Pitfalls: - sync scripts (feishu_wiki_sync.py, feishu_calendar_sync.py) hardcode HOME to profile-specific paths. Copy config.json to each profile's .gbrain/ directory. - gbrain put <file> has a bug in PG engine — use gbrain put <slug> --stdin < file instead - PostgreSQL 14 is insufficient — gbrain 0.24.0 uses NULLS NOT DISTINCT (PG15+)

Verification

gbrain search "test"   # Should return results or "No results" — NOT WASM error
gbrain stats           # Should show page counts
hermes mcp list        # gbrain should show ✓ enabled
tail ~/.hermes/logs/mcp-stderr.log  # No "Aborted()" or "PGLite failed"

Pitfalls

mcp Python package missing from Hermes venv: StdioServerParameters is not defined or NameError: name 'StdioServerParameters' is not defined in tools/mcp_tool.py means the mcp SDK package is installed in system Python but NOT in Hermes's venv. Always check:

bash /home/ubuntu/.hermes/hermes-agent/venv/bin/python3 -c "from mcp import StdioServerParameters; print('OK')" # ^ if ModuleNotFoundError → fix: /home/ubuntu/.hermes/hermes-agent/venv/bin/pip install mcp

This is the most common cause of "gbrain (stdio) — failed" with no PGLite errors in stderr logs. The Hermes CLI runs from its own venv, not the system Python. The try/except around the import swallows the error silently — _MCP_AVAILABLE becomes False and MCP test/connect functions crash with NameError at runtime.

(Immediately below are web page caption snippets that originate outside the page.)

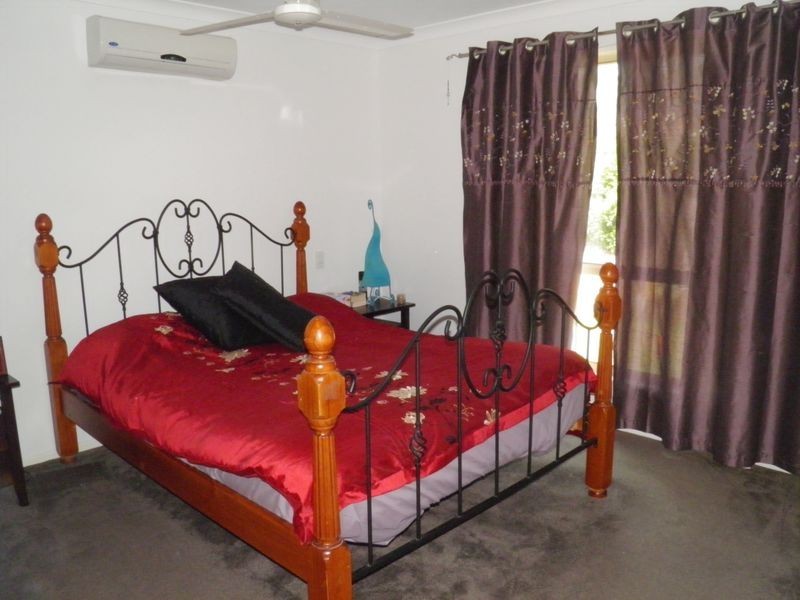 90 Leferink Road, Benaraby QLD 4680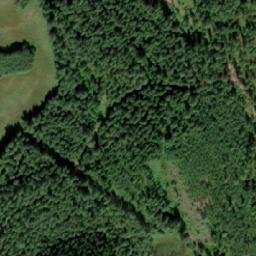 Satellite imagery of Ryötinniemi, FI
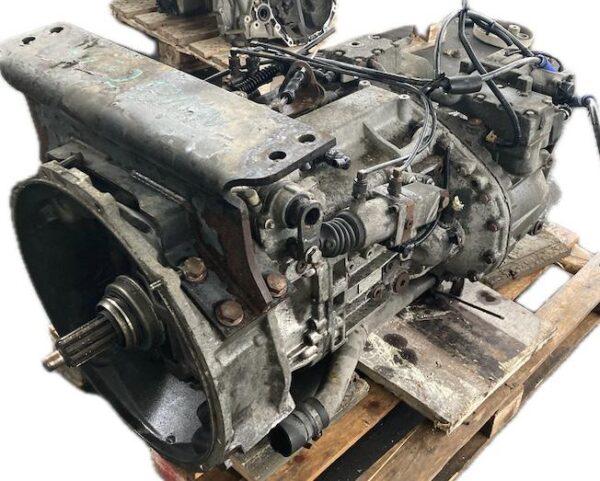 caja_de_cambios_a0012603600714_120l_mercedes_benz_mercedes_benz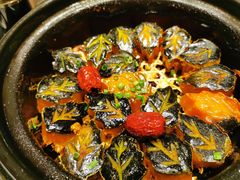 -高佳庄·舟山海鲜(海景旗舰店)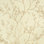 Twiggy Sisal Wallpaper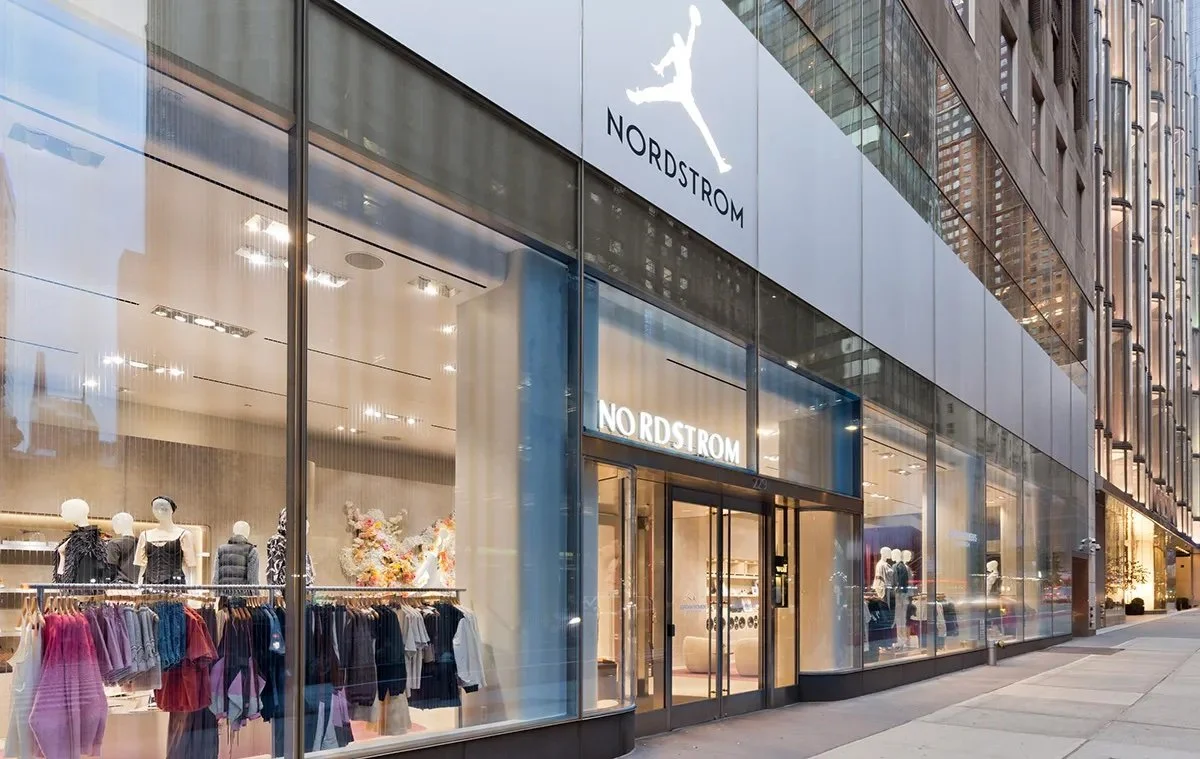 14_Jordan-Brand-at-The-Corner-at-the-Nordstrom-NYC-Flagship-Photo-Connie-Zhou-1 copy.jpg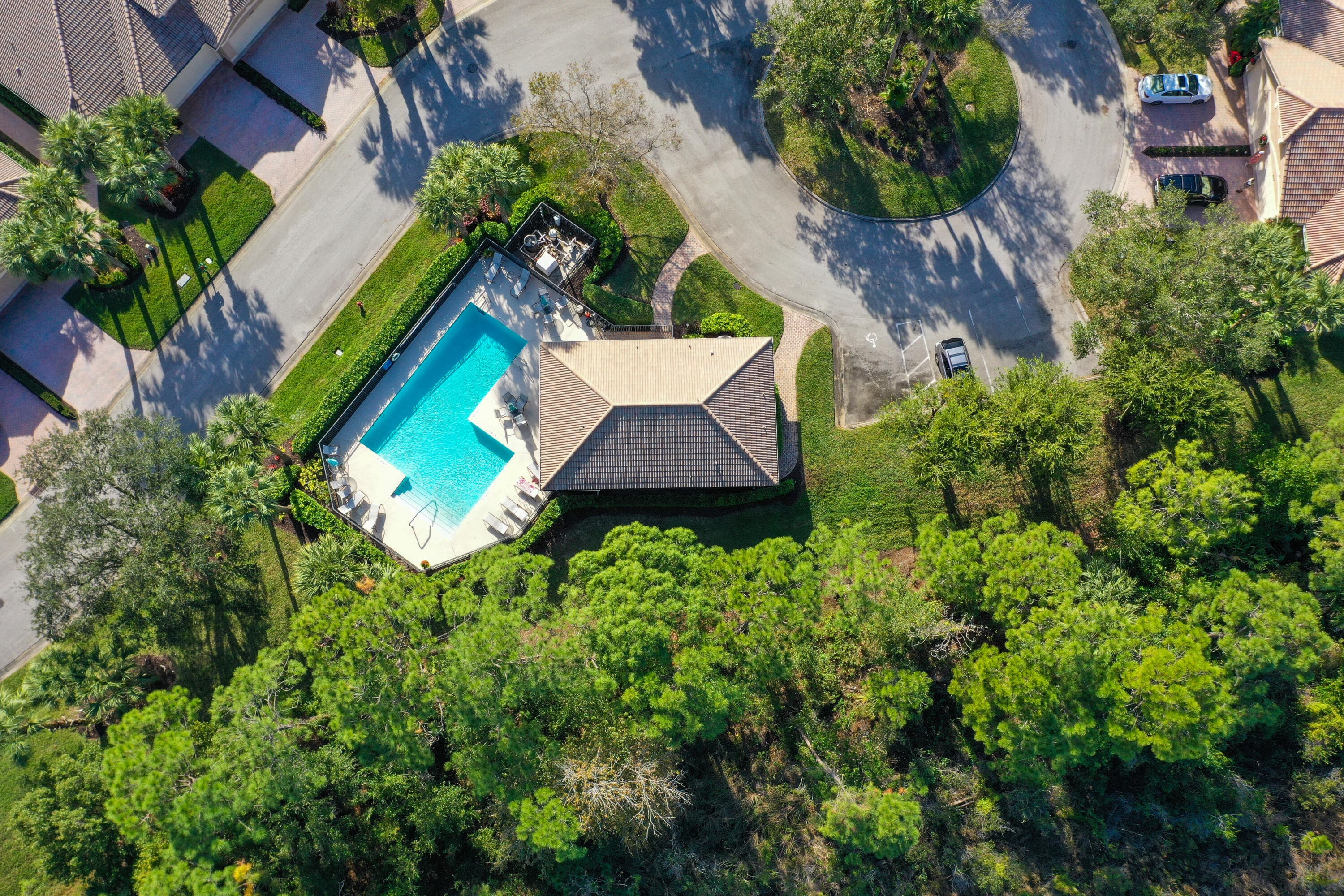 7003 Willow Pine Way, Port St. Lucie, FL 34986 — photo 29 of 52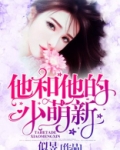 他和他的小萌新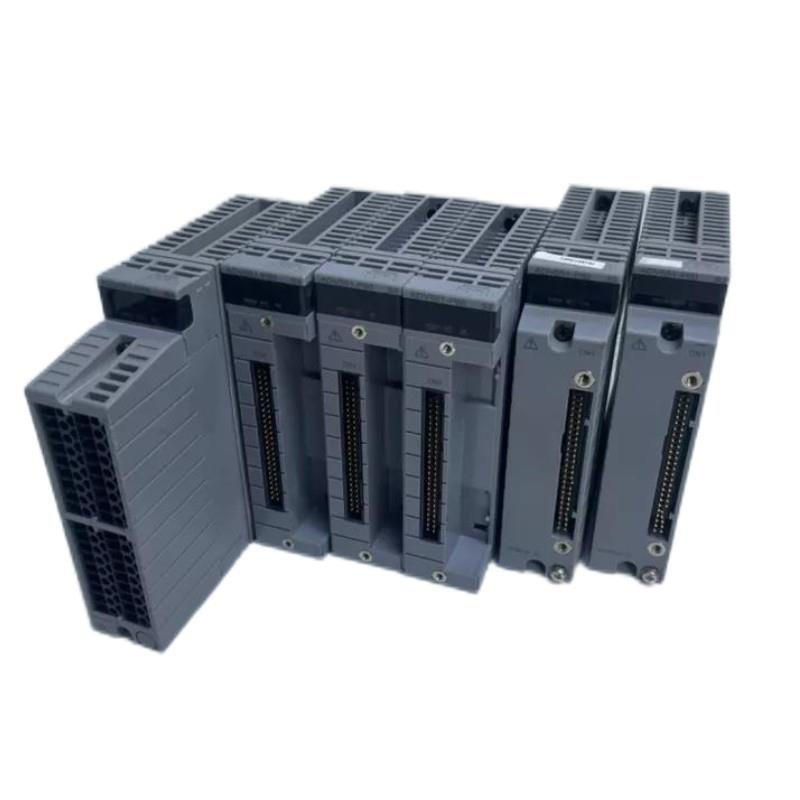 Yokogawa ADV551-P60 Digital Output M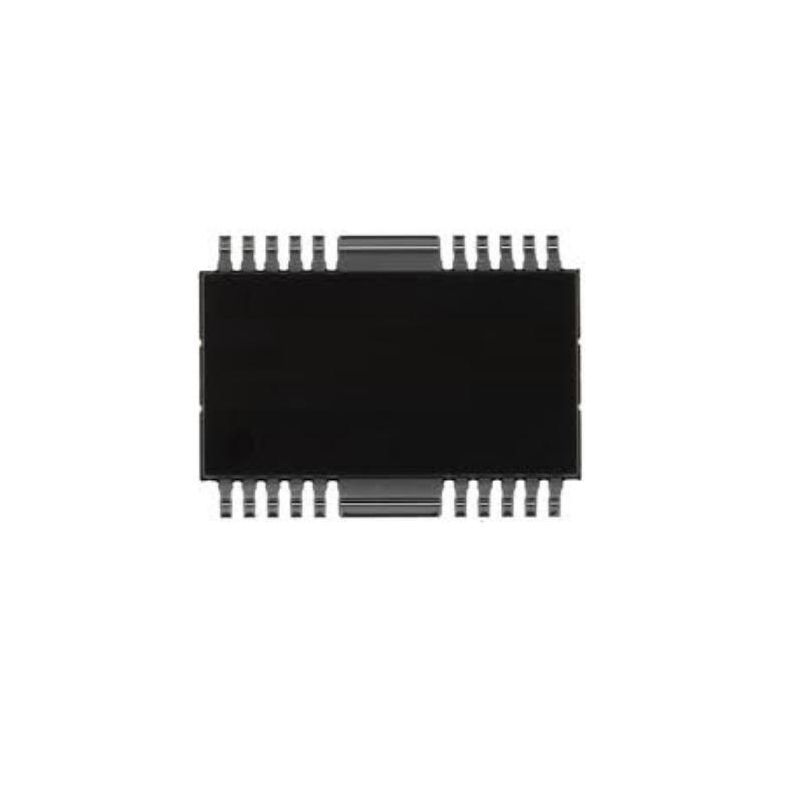 TD62M8604A SMD INTEGRATED CIRCUIT HSOP-16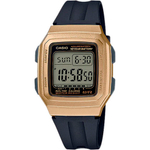 Casio F-201WAM-9A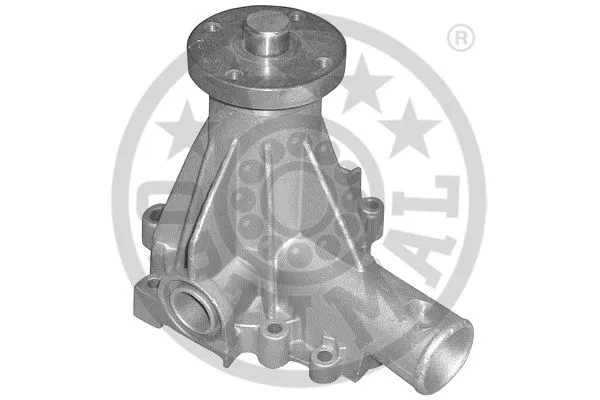 optimal-pompa-wodna-aq-1564-stan-nowy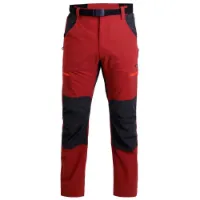Newwood Border Hosen Newwood Border Hosen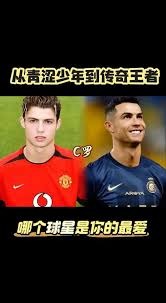 [图]怀特30+7+9麦科勒姆22分 凯尔特人45分狂胜奇才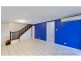 19 Forbes Avenue, Frenchville QLD 4701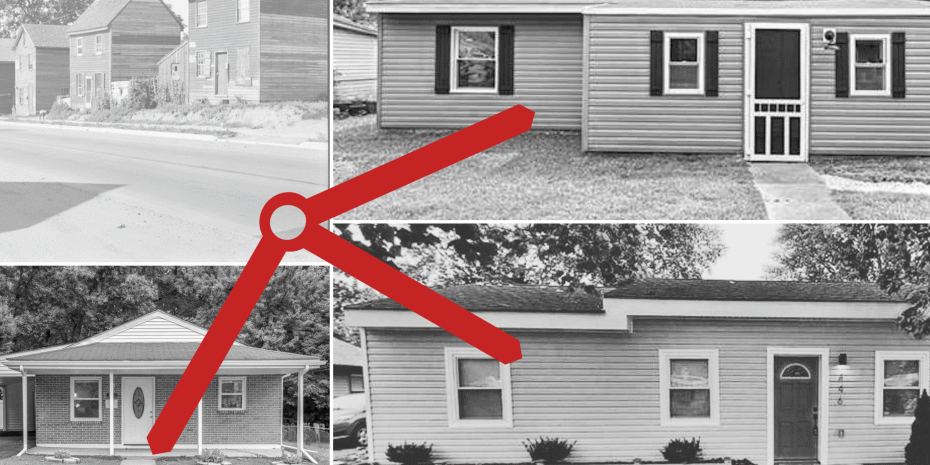 from-1930s-houses-to-1950s-930×620 From 1930s houses to 1950s 930x620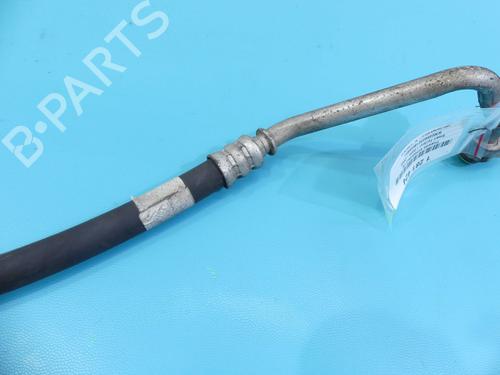 AC pipe SMART FORFOUR (454) | BP37888633M126 - Image 3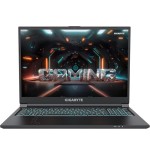 18747-(MM/C) GIGABYTE PORTATIL G6 KF-H3ES854KD,i7-13620H,16GB DDR5,SSD 1TB,16" WUXGA 165Hz,RTX4060/8GB,FREEDOS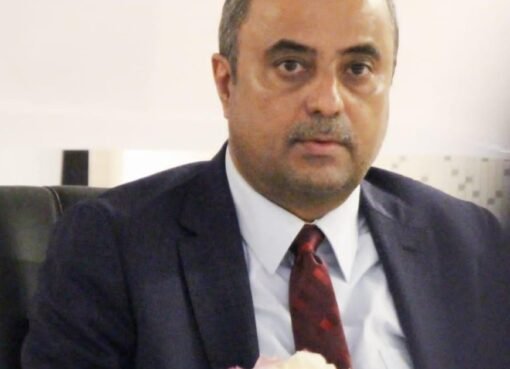 بن بريك: لن أقبل رئاسة الحكومة إلا بشروطي، فما هي؟"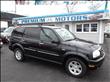 2002 Suzuki XL-7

PGLite does NOT support concurrent writers. Only one gbrain MCP process can run at a time.
If you need to run multiple Hermes profiles with gbrain MCP, run them sequentially, not in parallel.
If you switch profiles, the previous profile's MCP process may not auto-terminate. Kill it manually before starting another.
Recovery can permanently kill the server: If PGLite WASM fails to initialize on new processes (e.g., Bun version incompatibility with host kernel), the recovery script will kill the old working server but a new one can't restart. The gbrain serve command exits immediately with PGLite failed to initialize its WASM runtime. Original error: Aborted(). The Hermes gateway does NOT auto-restart in this case. Before running recovery, verify a fresh gbrain serve works. If it doesn't, do not kill the existing process — fix the WASM issue first. See references/pglite-wasm-startup-failure.md.
Hardcoded Bun paths: /usr/local/bin/gbrain and /usr/local/bin/gbrain-mcp have absolute paths to the Bun binary. When switching Bun installations (e.g. baseline ↔ non-baseline), update both scripts with sudo sed -i or they'll keep calling the old binary.
PostgreSQL 15+ required: gbrain 0.24.0 uses NULLS NOT DISTINCT syntax. PG14 will fail with "syntax error at or near NULLS". Install PG16 from PGDG repo. See references/postgres-engine-migration.md for the full recipe.
cron tick false positive: cron_monitor.sh uses a 10s timeout for hermes cron tick. Cold-start CLI init can exceed 10s in low-traffic periods, causing spurious gateway restarts even when the ticker is healthy. See references/cron-tick-false-positive.md.
gbrain init forces PGLite when run bare: Running gbrain init without --url always goes to initPGLite(), ignoring any config.json that says "engine": "postgres". Use gbrain init --url "postgresql://..." to force PostgreSQL engine. Or gbrain init --non-interactive with DATABASE_URL env var.
gbrain put <file> drops content in PostgreSQL engine: gbrain put <slug> <file> creates the page but stores 0 chunks — content is lost. Always use gbrain put <slug> --stdin < <file> as workaround. See references/postgres-engine-gotchas.md for full details including sync-script fixes.
Sync scripts need per-profile gbrain configs: feishu_wiki_sync.py and feishu_calendar_sync.py run gbrain under profile-specific $HOME. Each profile home needs its own .gbrain/config.json. See references/postgres-engine-gotchas.md.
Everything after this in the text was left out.